Hacker News new | ask | show | jobs
by jotto 4864 days ago
I haven't tested their data, but 1 reason why this is hard is due to the SKUs at Walmart and Best Buy. There may be a Samsung 42-inch TV that exists at Amazon, Walmart and Best Buy but have slightly modified specs for each of those mega retailers... and with this, Best Buy has a lot of SKUs that simply die. So once semantics3 has "reconciled" that samsung 42-inch TV across retailers, they'll have to continuously check whether any of the retailers have changed the SKU and/or URL on them.

source: I do this at dealzon.com for a very limited set of data where it's practical

2 comments

Yes, this is a big problem, which we have put in a lot of effort to tackle.

We try to calculate a 'hash' for the product, which is independent of the sku, factoring in all the structured metadata available - normalized dimensions (height, length, width), weight, model, manufacturer, etc.. We also account for small variations in the numerical data points.

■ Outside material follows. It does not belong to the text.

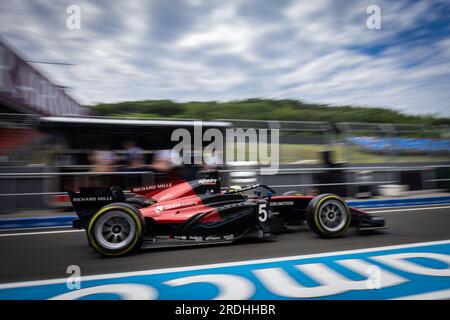 05 POURCHAIRE Theo (FRA), ART Grand Prix, Dallara F2, Action während der 9. Runde der FIA Formel-2-Meisterschaft 2023 vom 21. Bis 23. Juli 2023 auf dem Hungaroring in Mogyorod, Ungarn Stockfoto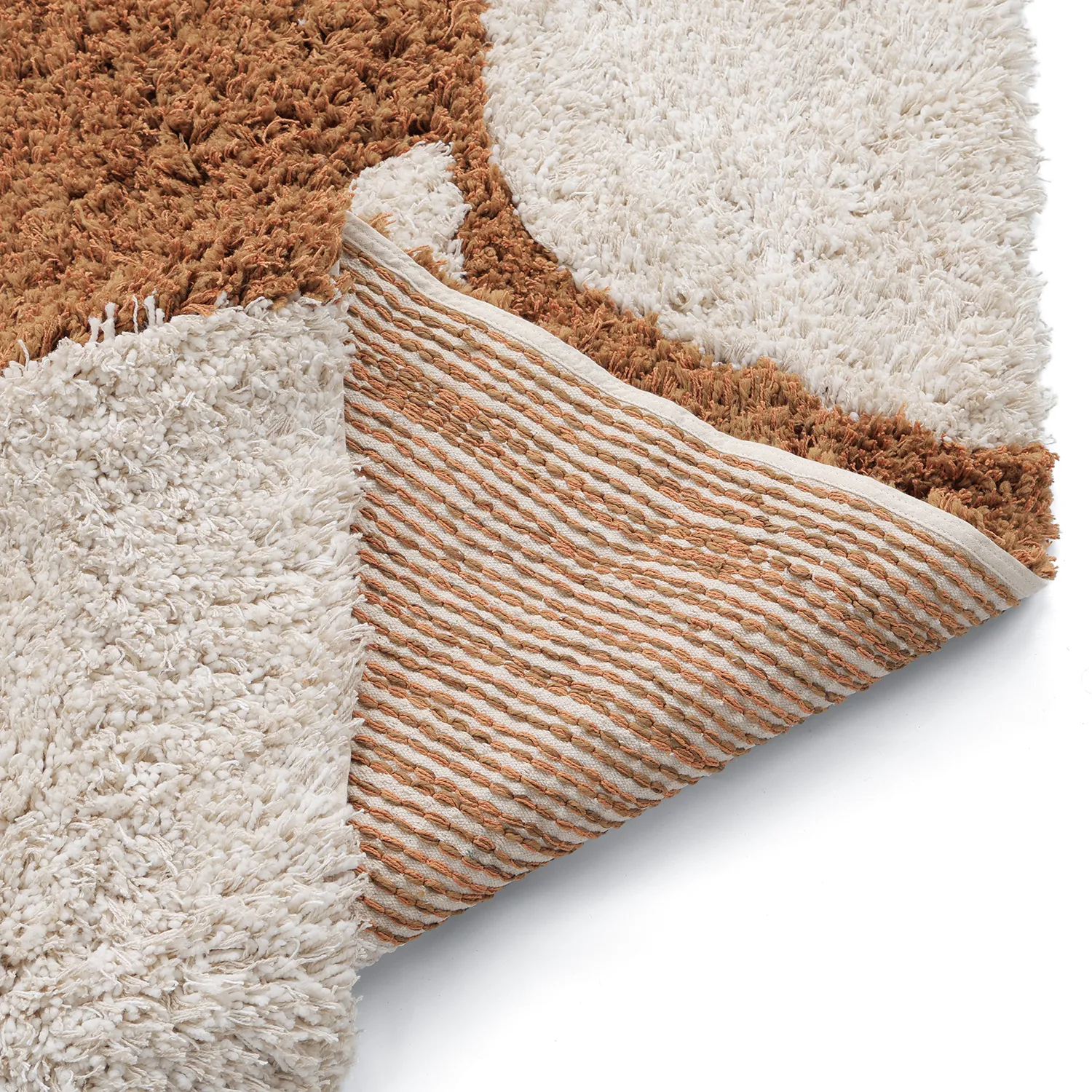 Ryamattor - Kalymnos Natural Cotton Shaggy (offwhite/ockra)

So even if skus change with slightly different specs, the 'hash' remains the same and we can identify and reassign them.

Drop me a note at varun [at] semantics3.com - we could swap notes :)

[Edit: Added extra information]

We're working on this problem at Datafiniti (https://www.datafiniti.net). Since we index hundreds of sources for a similar service, we can leverage some basic string comparison techniques to normalize records from different sources and fill in attributes that are missing from any one source.